HIV infection is caused by HIV-1 (most common) or HIV-2, retroviruses that target CD4+ T-lymphocytes leading to progressive immune dysfunction and AIDS without treatment. Global epidemic affects ~39 million people. Transmission via sexual contact, parenteral (IDU, blood products), and vertical (mother-to-child). Natural history without treatment: acute retroviral syndrome (2-4 weeks post-exposure, mononucleosis-like), clinical latency (median 8-10 years), AIDS (CD4<200, opportunistic infections, malignancies).

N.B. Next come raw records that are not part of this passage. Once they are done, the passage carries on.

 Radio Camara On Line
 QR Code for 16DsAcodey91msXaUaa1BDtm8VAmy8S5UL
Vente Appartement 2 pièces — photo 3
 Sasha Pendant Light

Modern ART has transformed HIV from fatal to chronic manageable disease with near-normal life expectancy when treated early.
Initial evaluation includes confirmed HIV diagnosis (4th-generation Ag/Ab assay, confirmatory differentiation, RNA if early), baseline labs (CD4, HIV RNA, genotype resistance testing, HLA-B*5701 if abacavir considered, basic chemistries, hepatitis B/C screening, syphilis, gonorrhea, chlamydia, TB screening), comorbidity assessment (CVD risk, renal function, liver function, bone density), and immunizations (pneumococcal, influenza, HBV, HAV, HPV, MMR/VZV if non-immune and CD4 adequate). Mental health, substance use, and social support evaluation are essential.

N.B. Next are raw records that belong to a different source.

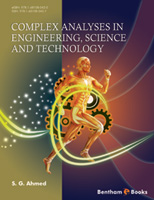 Complex Analyses in Engineering, Science and Technology
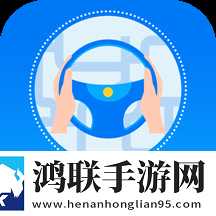 我被公猪钻进子宫3年了奇幻版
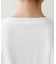 【Enlude/着回し抜群◎】フレンチロゴTシャツ《ユニセックス》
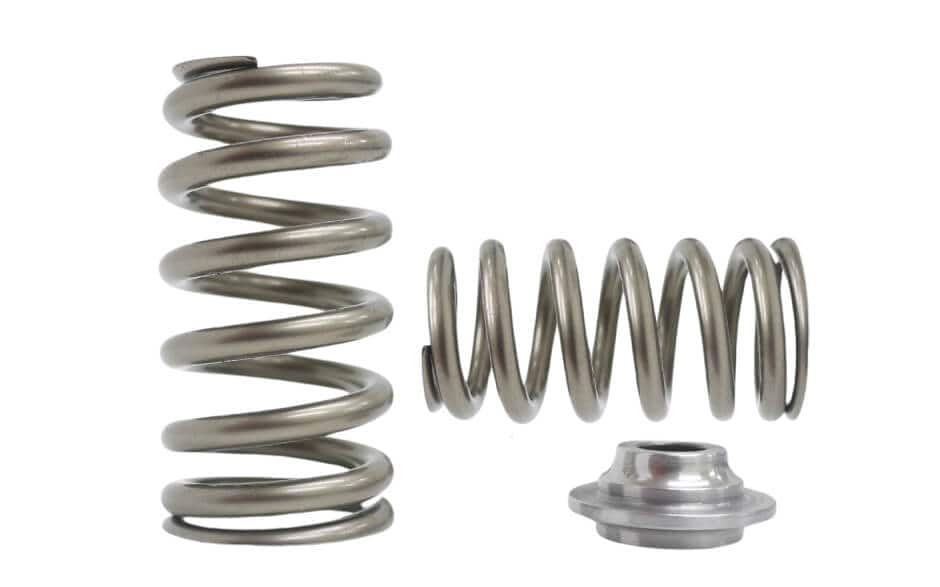 Kelford Cams Kelford RB26DETT Valve Springs - view 3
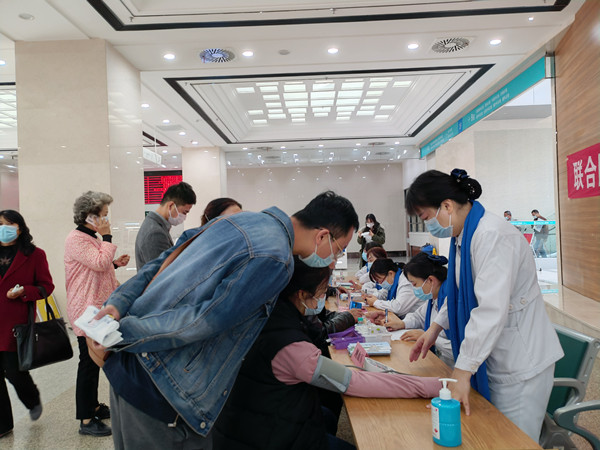 微信图片_20211022114122_副本.jpg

Antiretroviral therapy is recommended for all HIV-infected individuals regardless of CD4 count (Universal ART). Preferred first-line regimens (DHHS/IAS-USA 2024): bictegravir/tenofovir alafenamide/emtricitabine (BIC/TAF/FTC, Biktarvy) single-tablet, dolutegravir + emtricitabine + tenofovir alafenamide or disoproxil (DTG + TAF/FTC or TDF/FTC), dolutegravir/lamivudine (DTG/3TC, Dovato) for treatment-naive without HBV coinfection or HIV RNA <500,000 with no archived resistance. INSTI-based regimens are preferred for high efficacy, low resistance barrier, tolerability, and minimal drug interactions. Cabotegravir/rilpivirine long-acting injectable (Cabenuva, every 1-2 months) is option for virally suppressed patients. Monitoring: HIV RNA every 3-6 months (goal undetectable, <50 copies/mL), CD4 every 6-12 months (less frequently if stable >300), comprehensive metabolic, lipids, urinalysis, bone density, STI screening per risk. Opportunistic infection prophylaxis: TMP-SMX for PCP/toxoplasmosis if CD4<200, azithromycin for MAC if CD4<50 (less commonly used in ART era), TB preventive therapy. U=U (Undetectable=Untransmittable): patients with sustained undetectable viral load do not sexually transmit HIV. Pre-exposure prophylaxis (PrEP): emtricitabine/TDF or TAF, cabotegravir LA injectable for at-risk HIV-negative individuals. Post-exposure prophylaxis (PEP): tenofovir/emtricitabine + raltegravir or dolutegravir for 28 days, started within 72 hours.